Please write out exactly the lines that begin at the line containing "OTG yard entrance" and run to the end of the records.

-- Opening Marker --

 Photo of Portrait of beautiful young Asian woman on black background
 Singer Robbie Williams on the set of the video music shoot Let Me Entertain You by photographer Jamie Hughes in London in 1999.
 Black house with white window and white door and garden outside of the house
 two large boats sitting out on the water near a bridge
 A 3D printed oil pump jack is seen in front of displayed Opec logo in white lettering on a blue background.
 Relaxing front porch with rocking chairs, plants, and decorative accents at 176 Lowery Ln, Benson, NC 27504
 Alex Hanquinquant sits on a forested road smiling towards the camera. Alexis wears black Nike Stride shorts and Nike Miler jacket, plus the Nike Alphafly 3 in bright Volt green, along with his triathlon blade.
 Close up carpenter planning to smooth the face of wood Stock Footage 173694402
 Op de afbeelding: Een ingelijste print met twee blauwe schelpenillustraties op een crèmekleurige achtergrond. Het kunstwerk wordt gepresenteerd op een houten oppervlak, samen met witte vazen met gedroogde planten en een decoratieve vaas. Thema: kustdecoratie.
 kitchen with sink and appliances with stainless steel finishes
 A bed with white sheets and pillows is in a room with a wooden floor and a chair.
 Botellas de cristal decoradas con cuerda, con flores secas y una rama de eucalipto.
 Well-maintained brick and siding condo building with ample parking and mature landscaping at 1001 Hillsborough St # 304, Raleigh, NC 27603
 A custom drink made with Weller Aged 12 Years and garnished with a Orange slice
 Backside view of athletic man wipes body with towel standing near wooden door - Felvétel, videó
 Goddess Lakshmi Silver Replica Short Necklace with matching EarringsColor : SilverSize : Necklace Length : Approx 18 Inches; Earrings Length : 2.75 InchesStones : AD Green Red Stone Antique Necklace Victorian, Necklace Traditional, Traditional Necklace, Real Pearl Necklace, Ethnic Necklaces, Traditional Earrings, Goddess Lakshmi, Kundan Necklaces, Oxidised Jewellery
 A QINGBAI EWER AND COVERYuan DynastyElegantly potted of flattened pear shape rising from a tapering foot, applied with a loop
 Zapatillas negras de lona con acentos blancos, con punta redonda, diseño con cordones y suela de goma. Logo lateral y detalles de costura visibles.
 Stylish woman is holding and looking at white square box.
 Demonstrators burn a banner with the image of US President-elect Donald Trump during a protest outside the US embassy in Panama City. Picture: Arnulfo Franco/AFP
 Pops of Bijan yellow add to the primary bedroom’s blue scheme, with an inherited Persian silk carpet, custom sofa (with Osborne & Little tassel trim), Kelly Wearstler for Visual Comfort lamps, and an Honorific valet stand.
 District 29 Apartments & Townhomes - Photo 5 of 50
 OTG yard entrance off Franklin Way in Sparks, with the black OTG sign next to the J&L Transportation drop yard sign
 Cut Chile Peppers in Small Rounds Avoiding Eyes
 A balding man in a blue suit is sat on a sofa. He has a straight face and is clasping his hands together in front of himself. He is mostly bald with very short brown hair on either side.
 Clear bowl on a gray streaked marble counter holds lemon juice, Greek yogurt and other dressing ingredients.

-- Closing Marker --

**Answer for this exercise:**
 OTG yard entrance off Franklin Way in Sparks, with the black OTG sign next to the J&L Transportation drop yard sign
 Cut Chile Peppers in Small Rounds Avoiding Eyes
 A balding man in a blue suit is sat on a sofa. He has a straight face and is clasping his hands together in front of himself. He is mostly bald with very short brown hair on either side.
 Clear bowl on a gray streaked marble counter holds lemon juice, Greek yogurt and other dressing ingredients.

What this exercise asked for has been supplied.